Child care assistance restored
Family child care providers are breathing a sigh of relief today after the judge overseeing appeals from the Minnesota government shutdown has restored funding for a child-care program that serves thousands of low-income families across the state.
Ramsey County Chief Judge Kathleen Gearin on Wednesday accepted a recommendation from special master Kathleen Blatz to reinstate child care funded through the state Basic Sliding Fee program.
The Children’s Center Director Kim Nelson was thrilled to hear the news. She said about 30 percent of her facility’s children were on that program.
Nelson said the last two weeks at her facility have been stressful for staff and the families affected.
Before the funding was approved, she and her staff had to give the affected parents their bills and let them decide how they wanted to handle it.
She said the center had 15 children who had to be terminated because their parents were unable to pay for the entire service without the assistance.
She argued that the issue was bigger than simply not providing child care assistance. It was also a workplace issue, an economic development issue and even an education issue.
If child care assistance was cut off, parents couldn’t work, and the students likewise wouldn’t be properly prepared to enter kindergarten.

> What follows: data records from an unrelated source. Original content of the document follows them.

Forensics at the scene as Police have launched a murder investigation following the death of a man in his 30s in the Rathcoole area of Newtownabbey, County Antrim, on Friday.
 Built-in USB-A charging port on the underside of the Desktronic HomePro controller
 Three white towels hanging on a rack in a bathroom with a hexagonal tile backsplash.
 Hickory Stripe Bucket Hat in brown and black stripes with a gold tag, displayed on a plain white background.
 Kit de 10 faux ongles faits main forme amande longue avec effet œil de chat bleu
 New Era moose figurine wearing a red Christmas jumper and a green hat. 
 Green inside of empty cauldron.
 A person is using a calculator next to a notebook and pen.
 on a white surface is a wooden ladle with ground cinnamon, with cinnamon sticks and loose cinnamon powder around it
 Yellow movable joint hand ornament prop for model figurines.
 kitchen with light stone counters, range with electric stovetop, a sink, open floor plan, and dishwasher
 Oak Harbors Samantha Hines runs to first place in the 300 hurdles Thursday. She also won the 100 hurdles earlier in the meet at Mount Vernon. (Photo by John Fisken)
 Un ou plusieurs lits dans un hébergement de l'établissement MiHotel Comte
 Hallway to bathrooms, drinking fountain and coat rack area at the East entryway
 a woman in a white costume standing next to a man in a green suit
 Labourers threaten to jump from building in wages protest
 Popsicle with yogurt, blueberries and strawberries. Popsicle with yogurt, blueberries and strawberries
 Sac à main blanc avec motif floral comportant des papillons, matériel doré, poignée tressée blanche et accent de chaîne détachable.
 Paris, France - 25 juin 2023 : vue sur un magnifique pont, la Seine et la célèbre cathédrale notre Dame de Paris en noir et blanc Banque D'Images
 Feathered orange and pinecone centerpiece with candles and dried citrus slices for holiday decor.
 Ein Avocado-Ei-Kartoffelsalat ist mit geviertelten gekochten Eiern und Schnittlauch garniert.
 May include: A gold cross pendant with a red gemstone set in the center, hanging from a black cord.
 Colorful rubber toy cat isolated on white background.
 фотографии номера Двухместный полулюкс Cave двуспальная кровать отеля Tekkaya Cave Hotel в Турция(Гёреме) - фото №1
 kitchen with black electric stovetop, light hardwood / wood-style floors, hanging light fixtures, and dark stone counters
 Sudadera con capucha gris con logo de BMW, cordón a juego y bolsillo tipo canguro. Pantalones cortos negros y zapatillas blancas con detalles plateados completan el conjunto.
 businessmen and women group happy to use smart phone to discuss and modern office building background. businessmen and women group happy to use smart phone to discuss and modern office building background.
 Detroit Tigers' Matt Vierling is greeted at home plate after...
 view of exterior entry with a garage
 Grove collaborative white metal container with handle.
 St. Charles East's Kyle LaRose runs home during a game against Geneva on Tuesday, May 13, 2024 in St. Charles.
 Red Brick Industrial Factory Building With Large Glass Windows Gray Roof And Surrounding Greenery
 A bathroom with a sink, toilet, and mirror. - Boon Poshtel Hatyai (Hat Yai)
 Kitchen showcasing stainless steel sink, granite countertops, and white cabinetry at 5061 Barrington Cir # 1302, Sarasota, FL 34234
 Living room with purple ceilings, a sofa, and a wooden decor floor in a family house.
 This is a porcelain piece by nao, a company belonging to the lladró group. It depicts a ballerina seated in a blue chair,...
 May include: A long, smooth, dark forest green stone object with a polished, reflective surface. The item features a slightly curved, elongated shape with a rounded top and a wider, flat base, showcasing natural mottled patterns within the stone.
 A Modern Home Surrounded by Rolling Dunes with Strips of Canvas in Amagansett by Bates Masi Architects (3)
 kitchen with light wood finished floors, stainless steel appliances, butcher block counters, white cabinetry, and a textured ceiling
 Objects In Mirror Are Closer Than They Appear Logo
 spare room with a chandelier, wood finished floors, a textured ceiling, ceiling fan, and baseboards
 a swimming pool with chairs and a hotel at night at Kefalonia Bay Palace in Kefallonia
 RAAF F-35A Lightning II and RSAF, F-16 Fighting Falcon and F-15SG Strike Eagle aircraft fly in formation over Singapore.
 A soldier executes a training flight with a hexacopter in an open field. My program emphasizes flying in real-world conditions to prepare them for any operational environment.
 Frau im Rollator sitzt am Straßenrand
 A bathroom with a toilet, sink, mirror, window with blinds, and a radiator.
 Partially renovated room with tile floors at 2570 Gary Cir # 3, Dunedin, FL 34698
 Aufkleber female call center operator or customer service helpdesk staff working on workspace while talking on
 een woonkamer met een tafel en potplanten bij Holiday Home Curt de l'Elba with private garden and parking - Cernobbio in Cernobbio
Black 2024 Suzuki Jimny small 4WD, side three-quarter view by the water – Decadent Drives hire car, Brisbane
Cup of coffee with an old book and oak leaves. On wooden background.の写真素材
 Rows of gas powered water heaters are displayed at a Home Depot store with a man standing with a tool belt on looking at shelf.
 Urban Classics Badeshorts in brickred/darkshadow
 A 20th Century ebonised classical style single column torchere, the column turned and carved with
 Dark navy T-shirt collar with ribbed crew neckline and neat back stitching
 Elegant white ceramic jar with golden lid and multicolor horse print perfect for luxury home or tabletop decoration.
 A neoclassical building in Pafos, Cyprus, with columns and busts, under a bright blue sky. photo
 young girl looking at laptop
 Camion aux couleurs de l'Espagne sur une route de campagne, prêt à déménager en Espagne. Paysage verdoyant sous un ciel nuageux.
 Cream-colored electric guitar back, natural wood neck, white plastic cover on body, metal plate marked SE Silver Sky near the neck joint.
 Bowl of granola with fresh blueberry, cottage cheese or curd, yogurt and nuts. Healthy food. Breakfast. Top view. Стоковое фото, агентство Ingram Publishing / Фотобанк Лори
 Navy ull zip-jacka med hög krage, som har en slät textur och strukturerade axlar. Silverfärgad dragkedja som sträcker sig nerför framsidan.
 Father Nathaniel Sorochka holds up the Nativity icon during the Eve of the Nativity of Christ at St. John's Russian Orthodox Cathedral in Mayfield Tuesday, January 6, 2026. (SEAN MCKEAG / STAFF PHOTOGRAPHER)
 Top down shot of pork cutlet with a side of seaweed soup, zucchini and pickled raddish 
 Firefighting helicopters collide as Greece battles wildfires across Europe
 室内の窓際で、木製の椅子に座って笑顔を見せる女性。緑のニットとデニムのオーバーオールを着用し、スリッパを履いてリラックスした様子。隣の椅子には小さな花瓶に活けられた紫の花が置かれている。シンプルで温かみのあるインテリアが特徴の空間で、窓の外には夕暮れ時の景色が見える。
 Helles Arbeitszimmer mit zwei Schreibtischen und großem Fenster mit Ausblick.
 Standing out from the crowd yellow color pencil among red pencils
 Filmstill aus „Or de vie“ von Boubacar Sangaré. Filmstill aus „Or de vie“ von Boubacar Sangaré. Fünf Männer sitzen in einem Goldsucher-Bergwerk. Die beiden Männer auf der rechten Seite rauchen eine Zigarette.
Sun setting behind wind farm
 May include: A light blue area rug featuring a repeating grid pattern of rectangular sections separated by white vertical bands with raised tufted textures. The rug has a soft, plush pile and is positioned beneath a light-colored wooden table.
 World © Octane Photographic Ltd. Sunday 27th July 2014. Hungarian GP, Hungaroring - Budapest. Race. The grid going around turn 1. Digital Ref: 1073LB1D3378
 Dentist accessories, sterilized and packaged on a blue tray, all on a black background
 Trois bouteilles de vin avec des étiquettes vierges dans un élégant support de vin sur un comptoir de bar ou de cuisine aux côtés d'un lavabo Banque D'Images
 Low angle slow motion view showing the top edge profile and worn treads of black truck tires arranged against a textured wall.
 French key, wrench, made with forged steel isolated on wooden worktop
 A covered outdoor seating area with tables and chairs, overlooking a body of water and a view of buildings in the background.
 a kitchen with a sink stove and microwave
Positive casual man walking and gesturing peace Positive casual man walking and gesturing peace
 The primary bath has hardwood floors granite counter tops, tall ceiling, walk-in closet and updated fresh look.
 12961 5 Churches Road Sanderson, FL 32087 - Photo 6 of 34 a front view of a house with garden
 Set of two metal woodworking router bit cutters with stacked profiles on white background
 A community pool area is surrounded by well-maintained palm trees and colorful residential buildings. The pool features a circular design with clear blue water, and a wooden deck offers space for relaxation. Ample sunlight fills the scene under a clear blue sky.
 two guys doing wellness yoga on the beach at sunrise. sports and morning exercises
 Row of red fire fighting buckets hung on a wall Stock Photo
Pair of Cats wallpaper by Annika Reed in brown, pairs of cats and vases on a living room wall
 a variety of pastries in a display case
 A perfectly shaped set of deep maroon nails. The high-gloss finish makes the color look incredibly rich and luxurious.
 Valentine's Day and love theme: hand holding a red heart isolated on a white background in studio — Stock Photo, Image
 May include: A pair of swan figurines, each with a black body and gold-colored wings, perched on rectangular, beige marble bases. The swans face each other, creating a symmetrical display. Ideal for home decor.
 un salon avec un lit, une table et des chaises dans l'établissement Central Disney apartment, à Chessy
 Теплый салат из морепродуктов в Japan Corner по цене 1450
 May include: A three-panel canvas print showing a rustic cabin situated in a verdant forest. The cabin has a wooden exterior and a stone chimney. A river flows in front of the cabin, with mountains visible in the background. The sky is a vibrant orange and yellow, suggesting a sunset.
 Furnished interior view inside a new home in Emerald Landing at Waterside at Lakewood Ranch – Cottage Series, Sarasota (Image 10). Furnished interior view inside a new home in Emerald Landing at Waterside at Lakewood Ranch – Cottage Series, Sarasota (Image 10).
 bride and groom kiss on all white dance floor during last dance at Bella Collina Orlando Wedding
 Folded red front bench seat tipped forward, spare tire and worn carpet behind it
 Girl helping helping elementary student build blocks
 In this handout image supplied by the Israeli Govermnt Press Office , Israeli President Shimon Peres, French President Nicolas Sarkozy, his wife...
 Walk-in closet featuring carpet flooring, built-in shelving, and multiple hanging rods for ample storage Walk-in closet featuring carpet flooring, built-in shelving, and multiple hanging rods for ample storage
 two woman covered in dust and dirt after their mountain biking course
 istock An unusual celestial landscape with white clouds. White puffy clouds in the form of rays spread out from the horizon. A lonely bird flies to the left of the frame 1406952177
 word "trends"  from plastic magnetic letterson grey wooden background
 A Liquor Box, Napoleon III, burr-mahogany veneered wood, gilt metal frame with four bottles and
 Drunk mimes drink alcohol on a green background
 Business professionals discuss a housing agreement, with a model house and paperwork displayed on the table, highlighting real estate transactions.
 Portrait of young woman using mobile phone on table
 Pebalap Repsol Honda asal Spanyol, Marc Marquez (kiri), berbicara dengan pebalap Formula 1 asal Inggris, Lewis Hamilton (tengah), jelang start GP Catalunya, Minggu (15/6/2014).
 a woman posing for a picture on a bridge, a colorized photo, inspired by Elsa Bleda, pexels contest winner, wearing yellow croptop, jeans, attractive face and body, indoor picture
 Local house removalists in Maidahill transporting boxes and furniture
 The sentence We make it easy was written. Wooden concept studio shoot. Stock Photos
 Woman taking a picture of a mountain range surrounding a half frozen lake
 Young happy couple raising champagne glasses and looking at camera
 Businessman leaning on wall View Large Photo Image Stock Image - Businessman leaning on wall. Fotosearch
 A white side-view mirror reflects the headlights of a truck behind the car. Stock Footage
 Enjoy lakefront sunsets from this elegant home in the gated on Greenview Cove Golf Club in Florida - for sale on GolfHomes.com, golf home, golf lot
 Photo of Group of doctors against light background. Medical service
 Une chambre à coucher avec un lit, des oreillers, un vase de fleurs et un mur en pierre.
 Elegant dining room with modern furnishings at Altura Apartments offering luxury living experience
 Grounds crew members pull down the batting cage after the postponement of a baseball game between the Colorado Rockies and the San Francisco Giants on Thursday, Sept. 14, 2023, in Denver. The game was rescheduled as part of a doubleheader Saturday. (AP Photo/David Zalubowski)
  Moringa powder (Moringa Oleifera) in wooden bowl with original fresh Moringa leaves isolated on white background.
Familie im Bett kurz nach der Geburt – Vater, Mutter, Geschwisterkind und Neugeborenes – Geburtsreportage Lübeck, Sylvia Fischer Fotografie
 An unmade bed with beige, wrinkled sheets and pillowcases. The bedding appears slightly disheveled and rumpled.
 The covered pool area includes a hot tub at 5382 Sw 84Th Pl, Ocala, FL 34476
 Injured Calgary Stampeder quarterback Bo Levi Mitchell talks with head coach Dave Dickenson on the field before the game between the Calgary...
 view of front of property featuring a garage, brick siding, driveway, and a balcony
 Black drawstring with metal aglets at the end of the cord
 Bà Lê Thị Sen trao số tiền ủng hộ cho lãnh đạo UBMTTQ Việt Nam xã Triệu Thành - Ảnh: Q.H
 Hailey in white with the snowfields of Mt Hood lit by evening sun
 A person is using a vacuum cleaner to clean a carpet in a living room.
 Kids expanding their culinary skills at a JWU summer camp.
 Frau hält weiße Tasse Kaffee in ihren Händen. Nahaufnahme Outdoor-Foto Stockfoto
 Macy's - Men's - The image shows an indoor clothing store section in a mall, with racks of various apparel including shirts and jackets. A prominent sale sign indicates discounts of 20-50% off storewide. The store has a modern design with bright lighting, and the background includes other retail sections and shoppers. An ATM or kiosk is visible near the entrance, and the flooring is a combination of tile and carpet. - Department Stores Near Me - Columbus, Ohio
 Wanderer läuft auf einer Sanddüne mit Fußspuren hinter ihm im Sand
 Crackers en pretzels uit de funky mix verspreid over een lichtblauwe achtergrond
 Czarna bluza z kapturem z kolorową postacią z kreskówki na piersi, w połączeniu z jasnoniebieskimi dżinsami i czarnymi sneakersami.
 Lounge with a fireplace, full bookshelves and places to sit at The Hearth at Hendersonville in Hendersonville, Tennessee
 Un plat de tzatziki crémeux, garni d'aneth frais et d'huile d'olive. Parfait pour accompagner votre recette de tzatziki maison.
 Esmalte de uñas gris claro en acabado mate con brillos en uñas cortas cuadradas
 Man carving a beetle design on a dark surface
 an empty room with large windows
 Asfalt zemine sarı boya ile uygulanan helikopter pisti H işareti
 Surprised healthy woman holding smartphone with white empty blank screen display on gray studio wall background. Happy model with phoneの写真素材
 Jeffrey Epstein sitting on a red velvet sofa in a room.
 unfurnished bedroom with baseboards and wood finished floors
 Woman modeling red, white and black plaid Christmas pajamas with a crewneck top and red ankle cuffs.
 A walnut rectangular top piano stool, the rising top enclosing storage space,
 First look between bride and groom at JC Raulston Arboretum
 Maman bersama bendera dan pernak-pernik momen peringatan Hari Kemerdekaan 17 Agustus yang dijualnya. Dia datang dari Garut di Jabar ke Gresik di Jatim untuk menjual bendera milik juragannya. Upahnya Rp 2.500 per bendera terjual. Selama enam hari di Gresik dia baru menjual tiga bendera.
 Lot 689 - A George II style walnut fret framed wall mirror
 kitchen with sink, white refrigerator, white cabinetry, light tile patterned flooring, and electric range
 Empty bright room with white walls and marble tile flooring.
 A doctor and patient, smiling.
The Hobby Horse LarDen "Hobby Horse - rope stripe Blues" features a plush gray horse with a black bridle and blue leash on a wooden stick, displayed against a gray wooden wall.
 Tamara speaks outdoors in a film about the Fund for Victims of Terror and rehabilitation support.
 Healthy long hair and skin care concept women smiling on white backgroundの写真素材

“Child care assistance does have an impact on employees,” said Freeborn County Department of Human Services Director Brian Buhmann, echoing his relief from hearing the child care assistance funding was reinstated.
He said he has seen firsthand the effects the shutdown has had because the people who have been affected by this have come into his office seeking help.
Nelson said prior to Wednesday’s decision, she also had given a layoff notice to two seasonal employees and all of her 37 other staff members were taking three-hour cuts.
She noted while she is happy to hear the news, it is still unclear about when payments will come.